Tenía la opción de no involucrarse, sólo irse y dejarlo a su suerte. Para su desgracia, la sangre era más pesada que cualquier deseo de libertad y la hizo lanzarse al agua. Después de todo, Albiore se había sacrificado para que pudiera escapar; y a su vez había transmitido ese mismo espíritu, a ella, a Shun… Su legado no era únicamente ser santos, sino ser de los que, pese a la fuerza en su interior, reservaban su vida para los otros.

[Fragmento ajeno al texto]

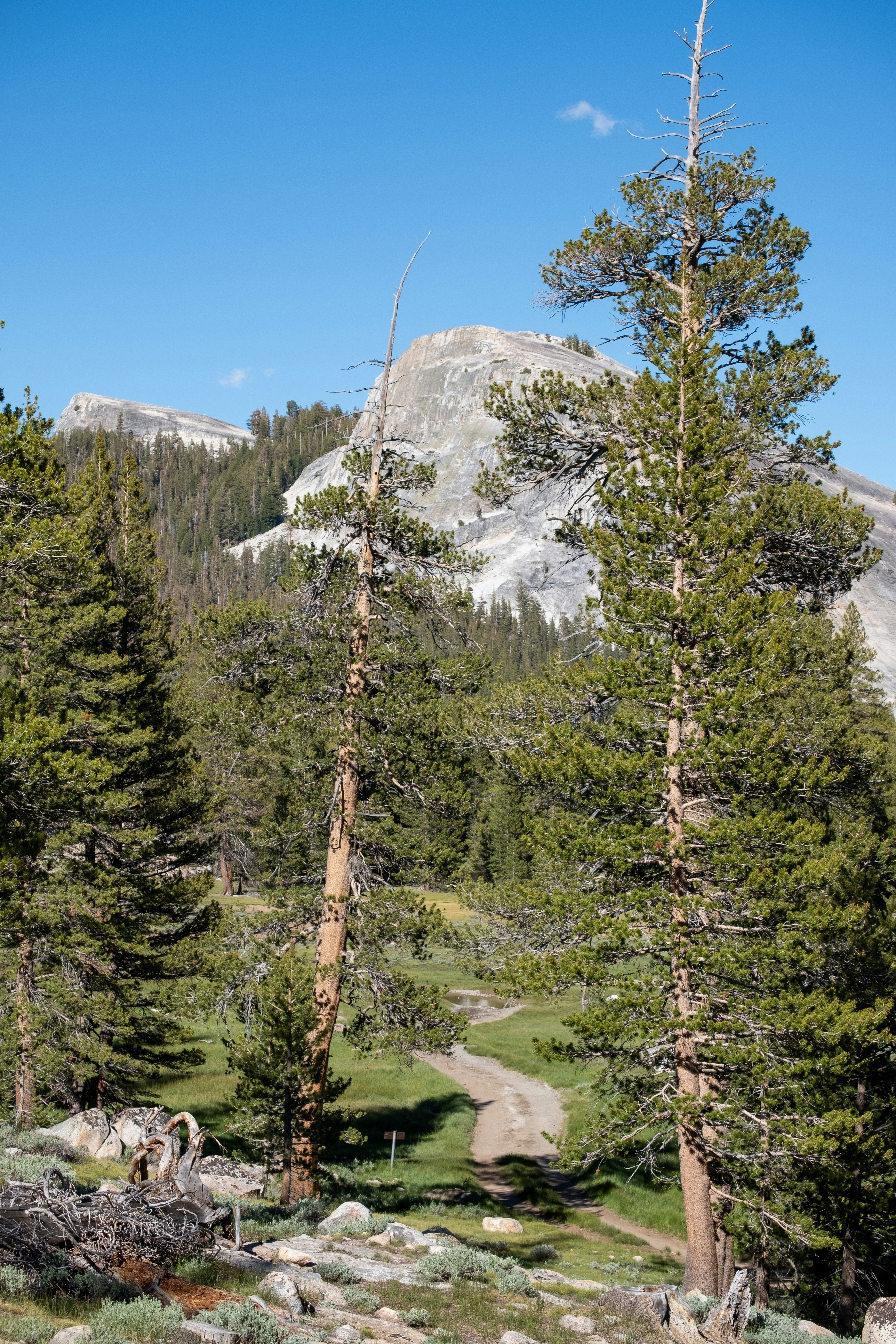 Photo by correliebre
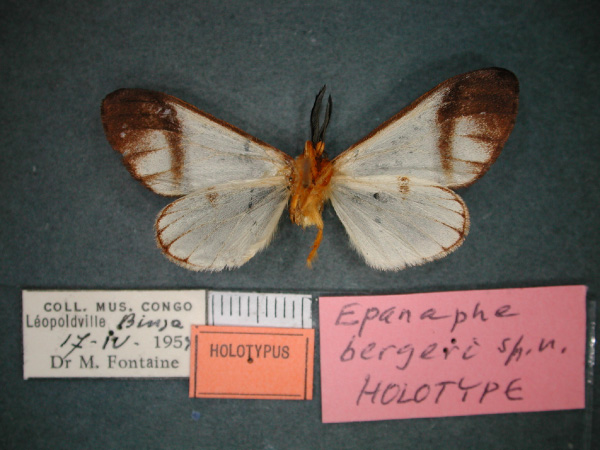 /filer/webapps/moths/media/images/B/bergeri_Epanaphe_HT_RMCA_02.jpg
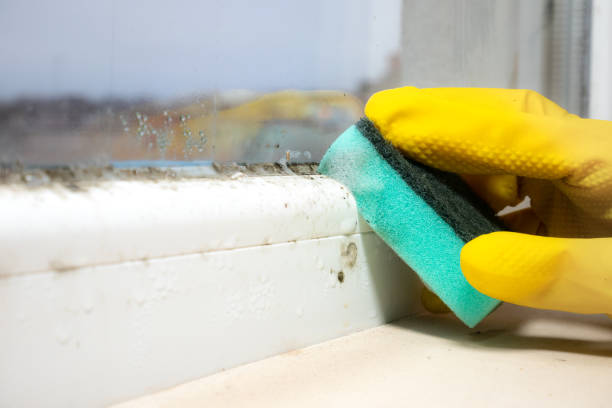 Best Mold Odor Removal Services  in Mechanicsville, VA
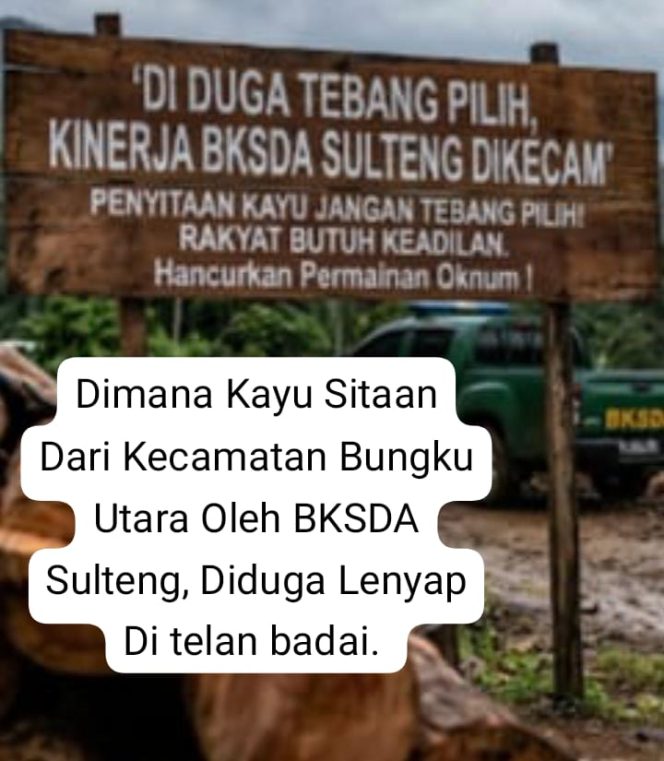 
Diminta Kepala BKSDA Sulteng, Tunjukan Kayu Sitaan Selama Ini Di Bungku Utara, Atau Hmmmm ???
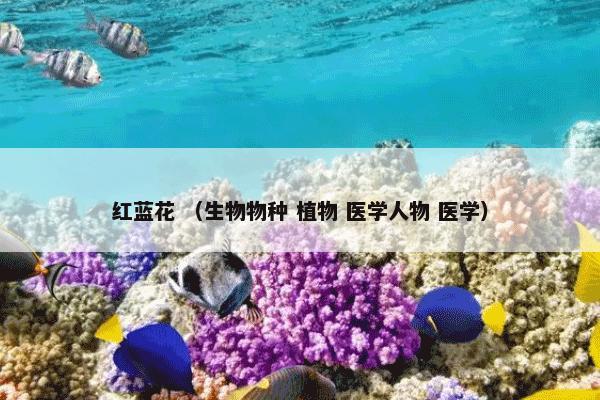 红蓝花 （生物物种 植物 医学人物 医学）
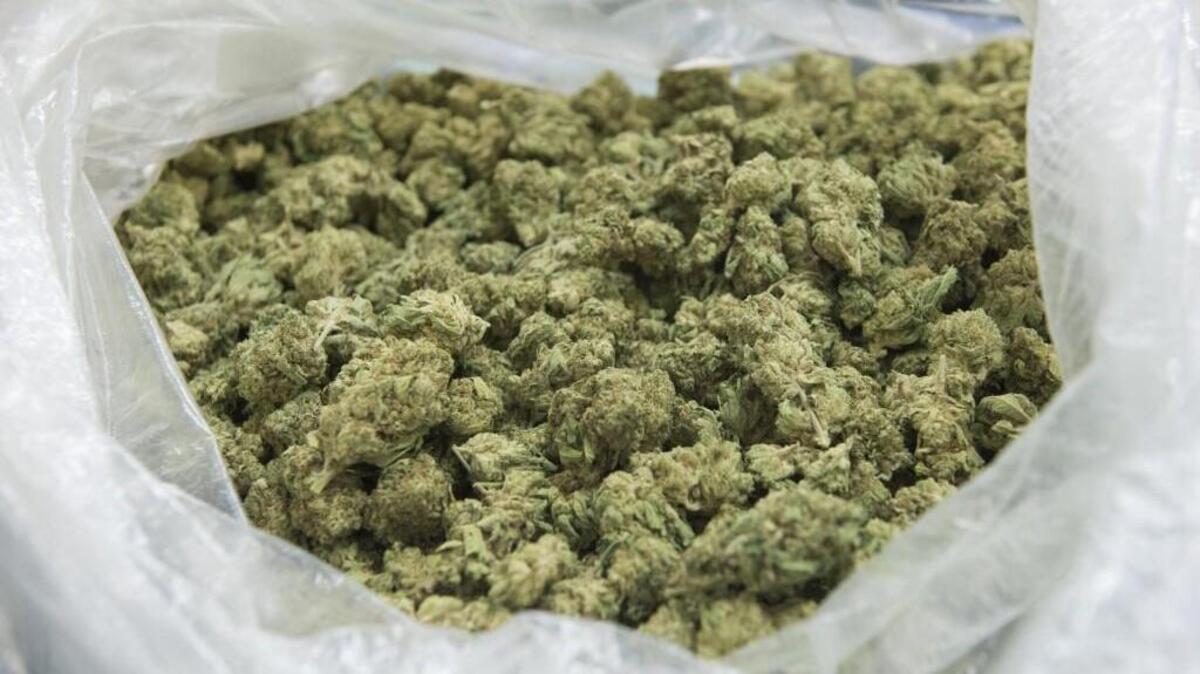 A man pulled over after a hit-and-run collision had 54 times the legal limit of THC (the active ingredient in marijuana) in his system, according to the State Patrol.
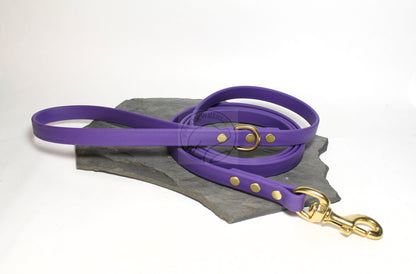 Royal Purple Biothane Dog Leash - Regular 16mm (5/8") width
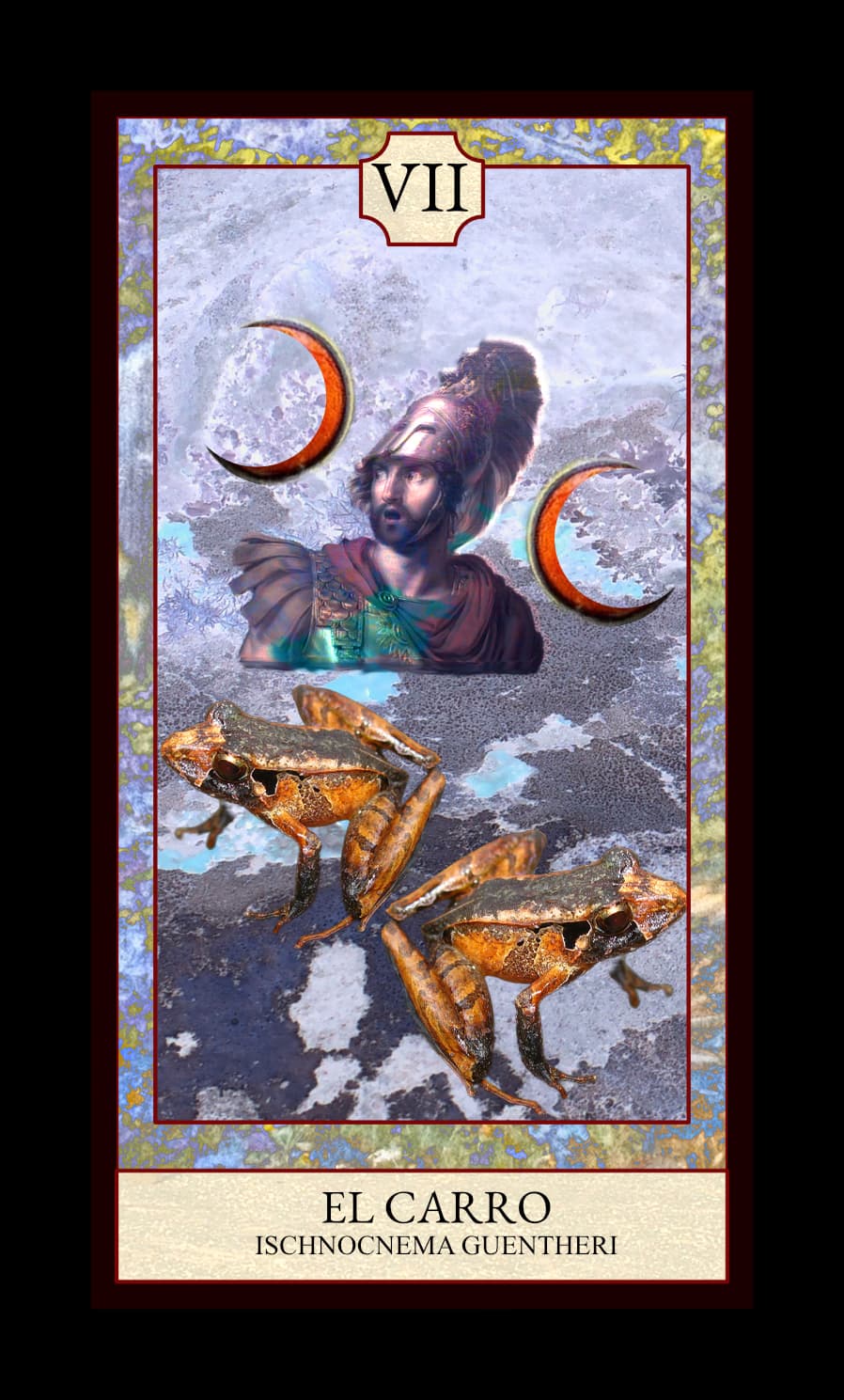 Collage digital — carta «El Carro» del Tarot de Ranas, con la rana Ischnocnema guentheri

Y entonces sucedió lo que había pedido cada noche en sus plegarias: le otorgaron un rumbo. En el agua, su cuerpo fue invadido por una sensación desconocida. Apenas pudo controlar sus movimientos para ir por el joven caballero y sujetarlo. Sus ojos veían lo que alguien más le mostraba, rápidas imágenes de batallas y lugares ajenos; una guerrera creando fuego con sus manos para abrirle paso a ella y a otros caballeros de bronce, una gran guerra, Atenea herida, un ejército por doquier tratando de derribarlos. Encontró un único rostro conocido: Shun devastado, hundiéndose en oscuridad, intentó seguirlo sin éxito, pues contempló su propia muerte a manos de una mirada maligna. En un parpadeo todo cesó.
¿Era aquello el futuro?
Seguía bajo el agua sujetando a aquel forastero inconsciente e impulsándose hacia la superficie. Entendió que era momento de enfrentarse al pasado e ir hacia adelante, hacia la reconstrucción. Si ese era su destino estaba dispuesta a afrontarlo a la manera de su gente. Honraría en verdad a su maestro no dejando que Andrómeda muriera con él; el linaje no había terminado, le correspondía a ella mantenerlo, siempre con la frente en alto, siempre contra la corriente.
Que hicieran polvo su cuerpo o consumaran su existencia. Que así fuera. Pero no sin pelear: su sacrificio tendría un propósito. Volvería con su orden e iría a Japón, donde estaba la única persona capaz de interpretar lo que acababa de ver.
Shame, such a shame
I think I kind of lost myself again
Day, yesterday
Really should be leaving but I stay
Say, say my name
I need a little love to ease the pain
I need a little love to ease the pain
It's easy to remember when it came
Naturalmente, no sería tan fácil. Sus enemigos ya esperaban por ella.